Antihypotensive potency of p-synephrine: Spectral analysis, molecular properties and molecular docking investigation

•At 6-311++g(2d,2p) level of theory, PBE0 at 4.085 eV and TPSS at 4.266 eV indicates a are close energy gap.•The highest stabilization energy of 332.24 kcal.mol−1 was observed for BHandHYLP•ADFD is considered the most accurate.functional that predicts the geometric structural parameter•synephrine showed excellent properties and could be used in the formulation of analeptic and antihypotensive drugs.

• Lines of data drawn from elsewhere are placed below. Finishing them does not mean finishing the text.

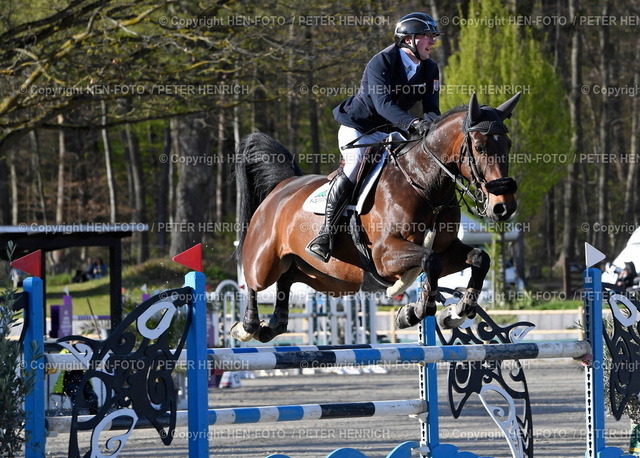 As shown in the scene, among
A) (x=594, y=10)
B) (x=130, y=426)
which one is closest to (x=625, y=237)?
(x=594, y=10)

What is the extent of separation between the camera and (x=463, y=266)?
5434 mm

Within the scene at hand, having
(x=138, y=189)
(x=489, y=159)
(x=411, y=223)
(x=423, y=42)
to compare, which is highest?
(x=138, y=189)

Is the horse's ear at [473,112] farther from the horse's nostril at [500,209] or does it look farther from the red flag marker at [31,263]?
the red flag marker at [31,263]

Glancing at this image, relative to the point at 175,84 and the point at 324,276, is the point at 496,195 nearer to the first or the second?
the point at 324,276

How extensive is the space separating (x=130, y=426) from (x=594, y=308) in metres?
2.77

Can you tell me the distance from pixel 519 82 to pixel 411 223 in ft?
53.7

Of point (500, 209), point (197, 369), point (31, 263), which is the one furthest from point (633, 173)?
point (31, 263)

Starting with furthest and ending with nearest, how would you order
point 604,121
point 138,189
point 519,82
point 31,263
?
point 138,189 → point 604,121 → point 519,82 → point 31,263

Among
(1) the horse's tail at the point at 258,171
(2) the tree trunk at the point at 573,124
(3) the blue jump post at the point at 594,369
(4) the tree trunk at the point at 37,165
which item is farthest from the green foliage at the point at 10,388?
(4) the tree trunk at the point at 37,165

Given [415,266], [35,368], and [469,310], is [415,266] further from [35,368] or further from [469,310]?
[35,368]

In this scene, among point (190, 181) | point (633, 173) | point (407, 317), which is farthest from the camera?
point (633, 173)

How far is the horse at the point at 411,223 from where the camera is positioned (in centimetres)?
489

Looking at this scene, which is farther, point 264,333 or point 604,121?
point 604,121

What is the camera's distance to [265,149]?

In this study p-synephrine, a catecholamines that has sympathomimetic potency especially for hypotension management was investigated for the effect of dielectric constant on non-linear optics (NLO), structural benchmarking, population analysis by applying density functional theory (DFT), molecular docking, and spectroscopic and X-ray crystallography technique (FT-IR, Raman, UV–Vis, NMR and XRD). The XRD data at room temperature, indicates crystal structure of p-synephrine to be Lattice yype P, with monoclinic space group P21/c (#14–1) with a = 8.85040 Å, b = 12.11660 Å, c = 9.78200 Å, α = 90.0000°, β =122.5510° and γ = 90.0000° to select the functional that best describe the theoretical properties p-synephrine, a selected functionals; APFD, BHandHLYP, M08HX, PBE0 and TPSSTPSS, all at 6-311++g (2d,2p) same level of theory, geometric structural parameter (bond length, bond angle, and dihedral angle) of the optimized structure was compared to x-ray crystallography pattern. The energy gap (Egap), decreases in the order of PBE0:4.086 ≈ TPSS:4.266 < APFD: 5.874 < M08HX: 6.710 < BHandHLYP: 7.204 eV. NBO analysis, indicates the highest stabilization energy of 332.24 kcal.mol−1 for BHandHYLP due to internal charge transfer of electron from π*C1-C3 donor bond orbital to π*C1-C6 acceptor bond orbital. M08HX indicated the highest NLO parameter, dipole moment at 3.518, Static polarizability of -71.588 a.u and change in static polarizability of 14.318 a.u. and static first hyper polarizability a.u. Experimental and theoretical spectroscopic data indicated a very close agreement. The molecular docking showed that p-synephrine is an excellent candidate for further clinical studies as a antihypotensive candidate due to its higher binding affinity compared to standard drug dobutamine.